Available data section start
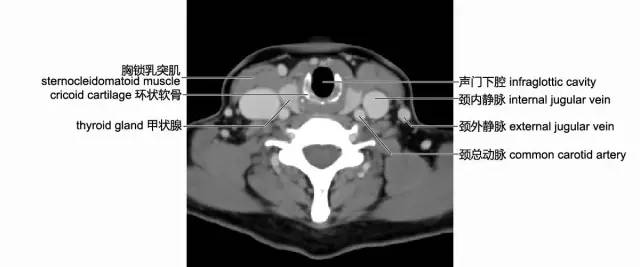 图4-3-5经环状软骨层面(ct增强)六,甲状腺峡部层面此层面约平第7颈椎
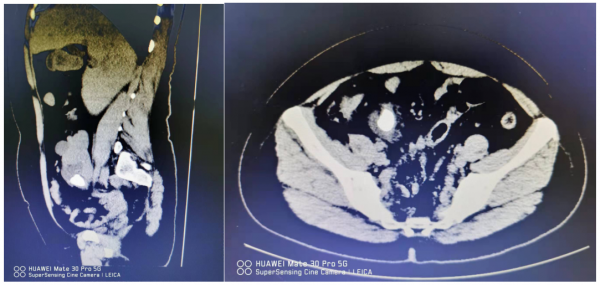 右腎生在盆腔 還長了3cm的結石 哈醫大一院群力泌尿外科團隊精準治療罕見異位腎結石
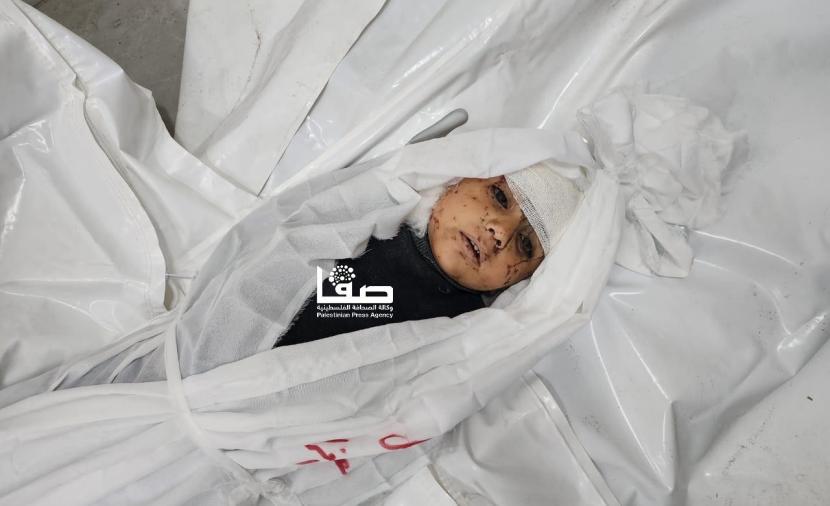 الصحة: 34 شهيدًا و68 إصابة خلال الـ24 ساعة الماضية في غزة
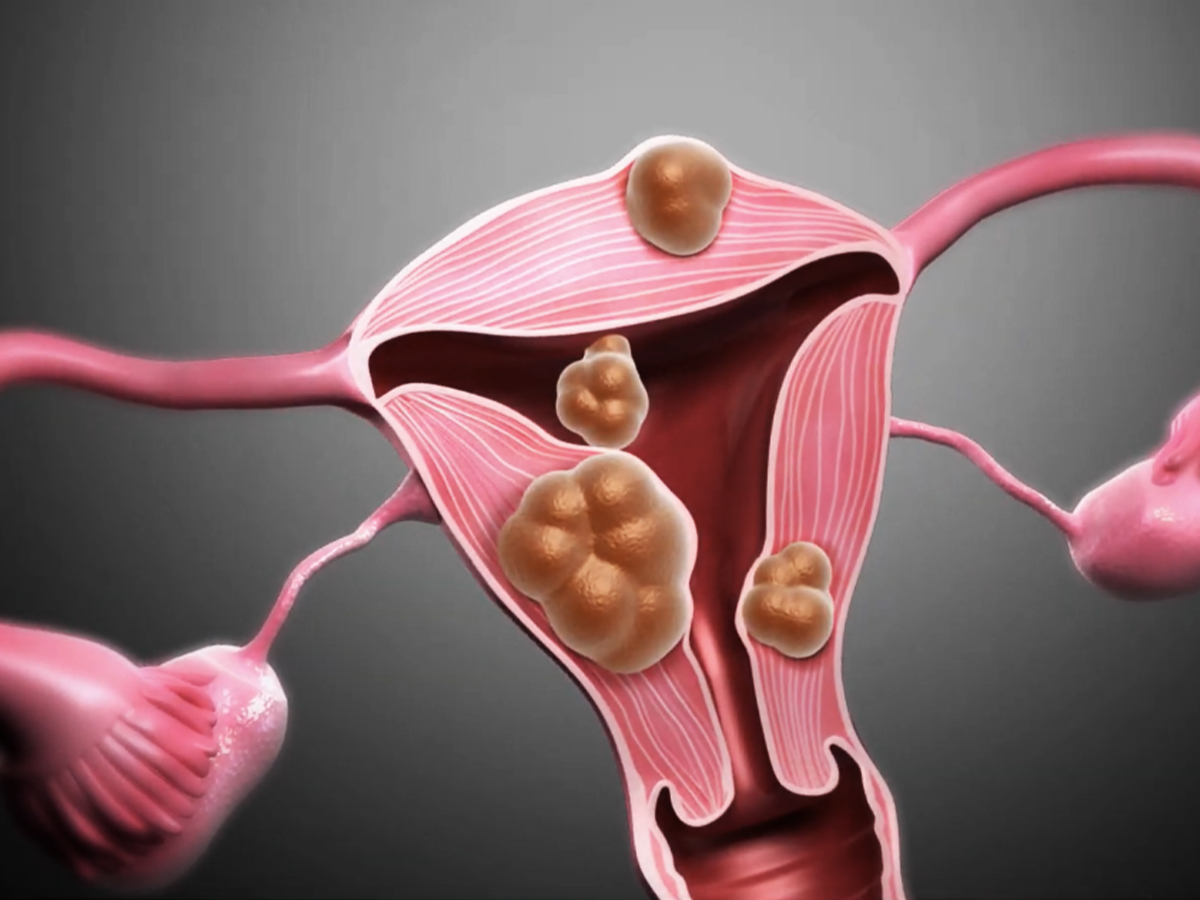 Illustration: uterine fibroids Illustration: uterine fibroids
Available data section end
Aim of the exercise ▸ Return the listing above in full and without alteration, excluding its pictures.

Written answer ▸
 图4-3-5经环状软骨层面(ct增强)六,甲状腺峡部层面此层面约平第7颈椎
 右腎生在盆腔 還長了3cm的結石 哈醫大一院群力泌尿外科團隊精準治療罕見異位腎結石
 الصحة: 34 شهيدًا و68 إصابة خلال الـ24 ساعة الماضية في غزة
 Illustration: uterine fibroids Illustration: uterine fibroids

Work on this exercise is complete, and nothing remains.